Things are changing. People are trying to get hope. StepUp came here and everyone else climbed on board. There’s not so many users dying anymore.
Marko Bekker

Marko is a busy man. Every weekday he wakes up before sunrise and makes his way to his job as a peer educator at the StepUp project in central Pretoria. He and his team implement StepUp’s harm reduction and mobile HIV and health services project. He spends much of his day searching the streets for people who use drugs. He collects their used needles and exchanges them for new ones and makes sure people have a supply of clean water. He also offers HIV testing, treatment and adherence counselling for people who inject drugs. Mostly, though, he gives advice and encouragement to a community he understands and cares for very deeply.

Marko was introduced to marijuana when he was 14. By the time he was 17 he had graduated to using mandrax, got his girlfriend pregnant and was forced to leave school. Then it was crack cocaine and a six-year stint in prison after an ill-fated crime spree and eventually heroin—“the Big One”—and a slippery slope into six years on the streets.
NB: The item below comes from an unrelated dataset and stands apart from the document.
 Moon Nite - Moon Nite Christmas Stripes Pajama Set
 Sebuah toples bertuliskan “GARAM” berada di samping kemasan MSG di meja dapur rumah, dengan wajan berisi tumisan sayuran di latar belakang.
1His recovery is ongoing. He has only been clean for eight months and wrestles daily with the demons that took him down that terrible path. He says he stays busy to fight off the urge to use again. He was inspired to take the recovery route by his friend Andries Swarts, who was once also on the street. Marko describes Andries as “the most successful of us all”. Andries cleaned up his act three years ago and has stayed that way since.

If Marko was to bear testament to any life-changing moment it would the one when he discovered he was HIV positive. He says he knew then that he had to give up his habit and go onto HIV treatment or face almost certain death. “I didn’t want to die,” he says.

Marko’s opioid substitution therapy is sponsored by the Community Oriented Substance Use Project (COSUP), which is run by the Department of Family Medicine at the University of Pretoria. He had been told that a heroin habit was virtually impossible to kick. “When the opportunity came I took it with both hands,” says Marko. “I saw too many guys die on the street and I didn’t want to be one of them.”

“I motivate users to get treatment and stay on it,“ says Marko. “There’s always hope. There’s always a chance to get off the street.”

Marko says it may sound odd when he says he is grateful for what he has been through—even the positive diagnosis for HIV that jolted him into the here and now. He says physically he feels much better than he has in years. “The ARVs really help. The negative is that I have HIV,” he says,“but the positive is that my life is much better than it was. I’m working with people I care about. For the first time in my life I’m doing a job I like.”

“I’m changing lives and saving lives,” Marko says. “I’ve convinced many guys to start taking ARVs. When I explain my story and how it changed me, people are willing to sit and wait at the clinic. They decide to go for it. HIV can be beaten and so can heroin.”